**WORK ORDER:**
Report all lines of the records that contain "Wired".

= = = = = = =

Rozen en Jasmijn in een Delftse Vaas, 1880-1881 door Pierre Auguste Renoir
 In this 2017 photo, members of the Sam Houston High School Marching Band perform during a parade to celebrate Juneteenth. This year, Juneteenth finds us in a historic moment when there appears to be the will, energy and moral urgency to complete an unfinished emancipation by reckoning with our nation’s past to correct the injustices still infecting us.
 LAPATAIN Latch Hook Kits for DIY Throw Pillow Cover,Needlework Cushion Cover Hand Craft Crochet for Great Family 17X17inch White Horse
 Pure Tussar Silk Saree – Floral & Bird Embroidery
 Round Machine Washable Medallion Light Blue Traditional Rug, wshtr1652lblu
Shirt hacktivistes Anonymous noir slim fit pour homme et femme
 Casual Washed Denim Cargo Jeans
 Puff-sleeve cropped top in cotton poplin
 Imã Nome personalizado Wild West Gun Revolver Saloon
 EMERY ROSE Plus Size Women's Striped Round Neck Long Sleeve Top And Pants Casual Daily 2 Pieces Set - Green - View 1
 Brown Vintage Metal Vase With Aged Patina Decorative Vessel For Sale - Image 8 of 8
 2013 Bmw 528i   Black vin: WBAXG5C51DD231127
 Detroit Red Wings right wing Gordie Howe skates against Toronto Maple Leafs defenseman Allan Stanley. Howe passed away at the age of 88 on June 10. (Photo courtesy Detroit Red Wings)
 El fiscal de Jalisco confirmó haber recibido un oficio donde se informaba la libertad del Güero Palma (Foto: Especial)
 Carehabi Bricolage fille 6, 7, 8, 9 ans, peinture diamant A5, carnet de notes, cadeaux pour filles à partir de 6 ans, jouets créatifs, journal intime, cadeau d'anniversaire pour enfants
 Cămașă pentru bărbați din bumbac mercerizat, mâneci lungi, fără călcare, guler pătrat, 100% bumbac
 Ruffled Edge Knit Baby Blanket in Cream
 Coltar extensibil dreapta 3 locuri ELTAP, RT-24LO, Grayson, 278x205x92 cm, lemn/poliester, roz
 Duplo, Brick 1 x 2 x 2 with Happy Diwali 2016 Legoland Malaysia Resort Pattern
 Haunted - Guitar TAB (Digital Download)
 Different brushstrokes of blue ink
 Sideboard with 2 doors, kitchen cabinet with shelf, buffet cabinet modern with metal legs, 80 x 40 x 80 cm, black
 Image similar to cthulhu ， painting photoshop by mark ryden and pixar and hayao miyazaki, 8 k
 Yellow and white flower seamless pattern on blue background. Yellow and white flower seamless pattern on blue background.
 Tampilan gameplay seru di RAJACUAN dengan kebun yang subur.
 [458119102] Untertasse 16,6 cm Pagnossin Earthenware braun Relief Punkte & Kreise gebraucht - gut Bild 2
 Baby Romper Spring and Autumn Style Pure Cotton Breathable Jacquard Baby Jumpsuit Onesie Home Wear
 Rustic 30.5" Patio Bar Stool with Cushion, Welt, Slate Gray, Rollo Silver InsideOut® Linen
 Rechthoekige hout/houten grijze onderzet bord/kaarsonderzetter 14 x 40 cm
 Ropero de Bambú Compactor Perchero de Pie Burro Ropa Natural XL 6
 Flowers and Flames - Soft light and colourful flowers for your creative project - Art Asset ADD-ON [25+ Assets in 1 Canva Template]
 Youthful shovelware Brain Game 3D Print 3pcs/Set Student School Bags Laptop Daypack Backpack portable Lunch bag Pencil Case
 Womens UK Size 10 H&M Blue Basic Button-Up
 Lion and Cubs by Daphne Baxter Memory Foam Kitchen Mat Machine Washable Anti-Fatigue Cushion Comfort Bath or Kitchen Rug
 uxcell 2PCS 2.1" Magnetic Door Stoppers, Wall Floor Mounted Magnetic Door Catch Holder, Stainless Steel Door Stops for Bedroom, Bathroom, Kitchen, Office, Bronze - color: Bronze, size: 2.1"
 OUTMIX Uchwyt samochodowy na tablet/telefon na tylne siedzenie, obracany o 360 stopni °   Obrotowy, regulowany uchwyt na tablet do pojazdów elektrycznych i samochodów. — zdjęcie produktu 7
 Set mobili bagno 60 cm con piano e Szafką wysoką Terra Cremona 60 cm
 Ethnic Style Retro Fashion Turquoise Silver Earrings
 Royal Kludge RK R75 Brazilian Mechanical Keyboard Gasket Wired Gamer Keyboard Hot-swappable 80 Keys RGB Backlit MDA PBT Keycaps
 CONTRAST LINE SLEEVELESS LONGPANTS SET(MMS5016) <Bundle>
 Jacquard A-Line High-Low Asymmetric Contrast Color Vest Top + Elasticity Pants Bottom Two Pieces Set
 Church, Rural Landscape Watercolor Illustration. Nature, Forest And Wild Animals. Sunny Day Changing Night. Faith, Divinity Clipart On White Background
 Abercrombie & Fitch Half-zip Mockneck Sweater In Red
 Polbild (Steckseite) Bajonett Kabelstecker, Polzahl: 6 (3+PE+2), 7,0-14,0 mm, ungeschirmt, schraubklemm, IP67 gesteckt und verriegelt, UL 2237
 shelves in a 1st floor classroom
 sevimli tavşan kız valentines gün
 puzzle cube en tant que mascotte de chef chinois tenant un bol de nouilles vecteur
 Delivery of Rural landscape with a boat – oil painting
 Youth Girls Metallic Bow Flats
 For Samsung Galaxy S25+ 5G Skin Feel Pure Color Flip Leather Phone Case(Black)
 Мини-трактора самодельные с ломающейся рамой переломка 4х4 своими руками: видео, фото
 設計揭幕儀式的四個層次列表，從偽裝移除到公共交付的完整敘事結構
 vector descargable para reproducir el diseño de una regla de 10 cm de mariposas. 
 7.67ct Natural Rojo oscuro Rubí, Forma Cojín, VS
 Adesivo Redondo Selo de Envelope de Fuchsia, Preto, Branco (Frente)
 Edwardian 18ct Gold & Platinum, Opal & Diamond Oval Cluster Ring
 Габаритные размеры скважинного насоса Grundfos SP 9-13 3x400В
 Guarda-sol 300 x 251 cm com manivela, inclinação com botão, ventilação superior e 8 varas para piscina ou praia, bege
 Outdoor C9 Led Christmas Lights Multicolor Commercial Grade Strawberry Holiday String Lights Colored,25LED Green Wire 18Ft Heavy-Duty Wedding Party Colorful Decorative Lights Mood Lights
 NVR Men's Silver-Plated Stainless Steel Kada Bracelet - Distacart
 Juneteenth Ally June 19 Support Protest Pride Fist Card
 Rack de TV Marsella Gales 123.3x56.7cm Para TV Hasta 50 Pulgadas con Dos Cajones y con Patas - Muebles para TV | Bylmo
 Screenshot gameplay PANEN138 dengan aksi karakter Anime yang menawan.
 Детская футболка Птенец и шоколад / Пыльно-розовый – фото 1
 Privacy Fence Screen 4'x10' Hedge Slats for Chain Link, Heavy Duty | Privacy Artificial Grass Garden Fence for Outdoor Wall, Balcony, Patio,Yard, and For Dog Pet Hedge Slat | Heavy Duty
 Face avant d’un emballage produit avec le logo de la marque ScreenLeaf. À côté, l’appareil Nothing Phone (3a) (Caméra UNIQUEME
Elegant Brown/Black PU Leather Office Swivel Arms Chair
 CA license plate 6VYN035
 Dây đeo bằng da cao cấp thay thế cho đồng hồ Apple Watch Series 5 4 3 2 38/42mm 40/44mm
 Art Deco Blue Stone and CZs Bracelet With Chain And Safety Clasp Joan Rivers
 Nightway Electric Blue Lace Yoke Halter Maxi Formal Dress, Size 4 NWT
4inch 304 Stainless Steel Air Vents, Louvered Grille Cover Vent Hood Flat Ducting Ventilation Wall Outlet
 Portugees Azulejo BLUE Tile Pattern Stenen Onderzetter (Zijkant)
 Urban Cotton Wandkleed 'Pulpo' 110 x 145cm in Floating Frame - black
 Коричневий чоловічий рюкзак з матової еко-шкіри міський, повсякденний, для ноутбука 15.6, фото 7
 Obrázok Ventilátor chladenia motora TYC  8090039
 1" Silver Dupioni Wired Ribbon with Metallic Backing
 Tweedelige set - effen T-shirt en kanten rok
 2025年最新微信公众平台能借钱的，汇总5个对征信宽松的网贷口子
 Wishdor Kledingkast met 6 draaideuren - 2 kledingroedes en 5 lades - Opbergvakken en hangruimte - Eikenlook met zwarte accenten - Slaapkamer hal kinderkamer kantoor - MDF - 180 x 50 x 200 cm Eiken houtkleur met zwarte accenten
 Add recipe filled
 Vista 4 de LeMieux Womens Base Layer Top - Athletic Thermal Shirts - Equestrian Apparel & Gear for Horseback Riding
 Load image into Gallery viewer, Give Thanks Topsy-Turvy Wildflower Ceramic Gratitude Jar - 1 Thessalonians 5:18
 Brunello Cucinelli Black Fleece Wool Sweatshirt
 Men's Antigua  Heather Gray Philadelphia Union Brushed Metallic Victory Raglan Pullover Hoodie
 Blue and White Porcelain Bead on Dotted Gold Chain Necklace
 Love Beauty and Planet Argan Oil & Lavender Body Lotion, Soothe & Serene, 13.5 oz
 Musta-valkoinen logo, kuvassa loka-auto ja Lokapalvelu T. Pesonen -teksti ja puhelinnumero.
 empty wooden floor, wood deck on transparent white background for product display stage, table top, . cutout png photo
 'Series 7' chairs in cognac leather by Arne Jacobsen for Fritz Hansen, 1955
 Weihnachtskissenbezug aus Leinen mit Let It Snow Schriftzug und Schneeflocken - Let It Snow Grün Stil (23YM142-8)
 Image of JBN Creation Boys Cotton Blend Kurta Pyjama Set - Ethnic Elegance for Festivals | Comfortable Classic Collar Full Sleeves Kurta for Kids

= = = = = = =

**TASK RESULT:**
 Royal Kludge RK R75 Brazilian Mechanical Keyboard Gasket Wired Gamer Keyboard Hot-swappable 80 Keys RGB Backlit MDA PBT Keycaps
 1" Silver Dupioni Wired Ribbon with Metallic Backing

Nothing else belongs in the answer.